The Adventist Youth Movement in Kenya
By Samuel Makori
Samuel Makori is a retired pastor who worked closely with the Adventist Youth Movement in Kenya.
First Published: January 13, 2022
The Adventist Youth Organization (AYO) started in the Kisiiland of Western Kenya in the late 1960s. It made a huge impact on the Adventist church in Kenya. AYO started in the late 1960s and continued until 2001.1 Its impact is seen in the areas of preaching, church leadership, church planting, and providing the pastoral ministry with personnel.
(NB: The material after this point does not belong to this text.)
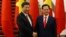FILE - Chinese President Xi Jinping, left, poses for a photo with Vietnam's Prime Minister Nguyen Tan Dung before their meeting in Hanoi, Nov. 5, 2015. 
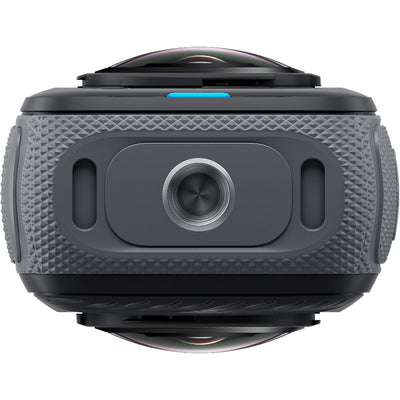Insta360 X4 360° action camera in black with touchscreen display, bundled with motorcycle mounting accessories including heavy‑duty clamp, flexible adhesive mounts, invisible selfie stick, lens guards, thumb screws, and a 128 GB microSD card.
The Adventist Church spread to Kisiiland in 1912 from Gendia, by Jacob Olwa under the supervision of the white missionaries Ira Evanson, Lenard Lane, and Eric Beavon.2 Church leadership did not give priority to young people. Interviews from those who founded or offered leadership in the AYO movement—Thomas Onchaga (retired pastor), Johua Oindi (retired pastor), Shadrack Nyamwaro (retired teacher),3 and James Obwogi (retired teacher)—show that youth activities were limited to the Missionary Volunteer honors and singing during Sabbath School. The young people did not take church seriously. If a young person attended high school, he/she left the church and frequently developed an attitude that Adventism was only for the illiterate.4
The mainstream youth department, the Missionary Volunteer program, started in 1912 to take care of the young people in the Adventist Church.5 It did not provide the requisite environment for establishing the Kisii youth in the faith and creating interest in church life and mission. The AYO was started to fill this gap and to create an atmosphere in which the youth would commit themselves completely to a spiritual life.
Establishment of the AYO in Kisiiland
The four individuals interviewed to provide information for this article remember very well that this movement started on a Sabbath day, August 5, 1966. This was the end of a series of sermons preached by Pastor Jack Sequeira, then a teacher at Kamagambo Adventist College. They recall that on this closing day he preached from Philippians 3:12-14 and the topic was, “Pressing on Towards the Goal.” This created a passion in some young people who decided to do something for their fellow youth.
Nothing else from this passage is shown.